この金、銀の帯は芯の糸に箔を巻き付けたものではなく緯糸として箔を織り込んだもの。金ぴかにならず落ち着いた色になる。


これは一本の帯に金と銀との箔を緯糸で織り込んだもの。
模様としては「日月」。金糸で「太陽」銀糸で「月」を表現。

話はちょっとそれるがこの帯・・・案外締めにくい。
と・・・言うのは身体にではない。
身体にはとても楽。なにせ手織。
柄の出方がである。帯の柄として大きいので思う柄を出すのが結構大変。
前に好きな月の柄が出ても、後ろには月が出なくて太陽となる。
まあ、そういう風に織ってあるのだろうがどちらも月を出したい時もある。
(琵琶の「新撰組」を謡う時、月の光を浴びて打ち入るのでどちらも月を出したかったのである…)
ものすごい余談・・失礼〜♪
買うときはそういうことも考えることが必要。

最近、和紙ではなくて薄いフィルムに本金箔を直接コーティングしたものを糸状にカットして色糸とともに緯糸に用いる方法もあるとか・・・私は見たことはまだない。

そうそう・・・最後に・・
上の金銀の帯の模様を。

あと金銀糸を使ったもので糸として織りこむのではなく上から散らすとか蒔くというやり方もある。

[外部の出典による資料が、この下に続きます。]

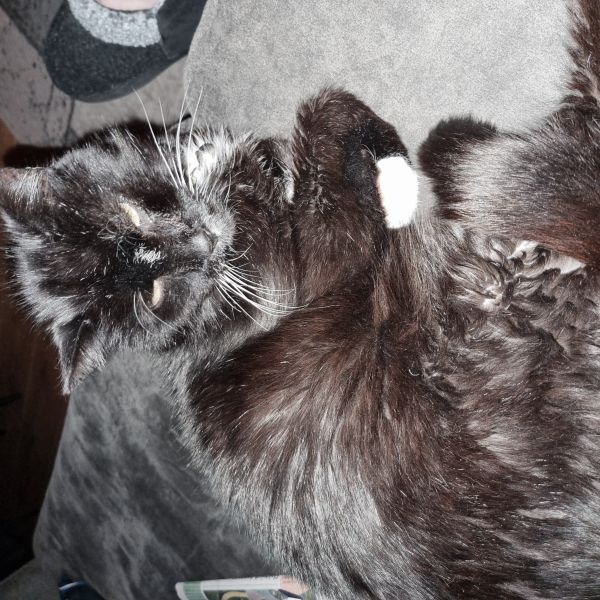 Rocco uit Baflo zoekt een Kattenoppas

下の部分は螺鈿と金糸を織り込んである帯だが、上の方の部分は「真綿引き箔」である。通称「真綿引き」。
帯の上に真綿を置き上から細かい箔を散らすのである。
真綿があるので箔はべっとりつかない。真綿越しにつく。よく見ると真綿の糸の跡まで見える。こうすることで「暈し(ぼかし)」により立体感、奥行きが加わる。

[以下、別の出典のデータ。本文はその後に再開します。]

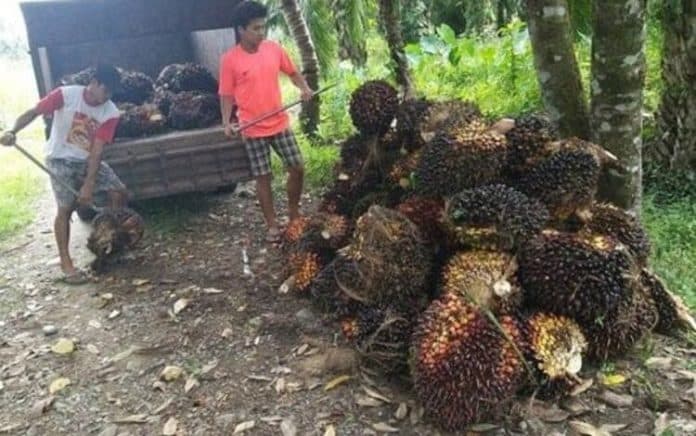 musim_trek_petani_sawit_pasrah_produksi_turun_saat_harga_tinggi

実際真綿につく金や銀が多く着物や帯には使った程はつかないのだかそれはそれ・・・金ぴかに光るのをよしとしない方々にはおススメ。
このやり方は着物にも使う。


真綿の糸のひき具合までわかりやすい。
四角い箔は「切り金(かね)散らし」といい箔をそのままくっつけたものをいう。
帯などにも使うが織りこむよりも手間暇はかからない。


最後に・・・

 金色は古代では貴金属の最高位になる金を「くかね」「くがね」と言った。
     
   すめろきの御代栄えむと東なるみちのく山にくかね花咲く
                            ( 大伴家持 )


 銀色は「しろがねいろ」と。
西洋では銀食器の光り輝くイメージがあるのだが、日本人が「銀色」に抱くイメージはあくまでいぶし銀のように沈んだ控え目な色。また雪の色にもたとえられる。金色の華やかな光沢とは一線を画し静で控え目な色のイメージ。
  
   銀(しろがね)も金(くがね)も玉も何せむにまされる宝子にしかめやも
                            ( 山上憶良 )


その後、金は「こがね」となり、銀は「しろがね」、鉄は「くろがね」、鉛は「あおがね」、胴は「あかがね」と呼ばれるようになった・・・・




舞台とかライトの当たる場所では銀はかなり地味に見えるので目立ちたい時は金がおススメ。ライトに照らされ若干オレンジ色を浴びた方が温かみが加わるので。ただ自分が主役でない時は銀が控えめで静かで美しい。金か銀か・・・どちらを選ぶか迷った時には参考に。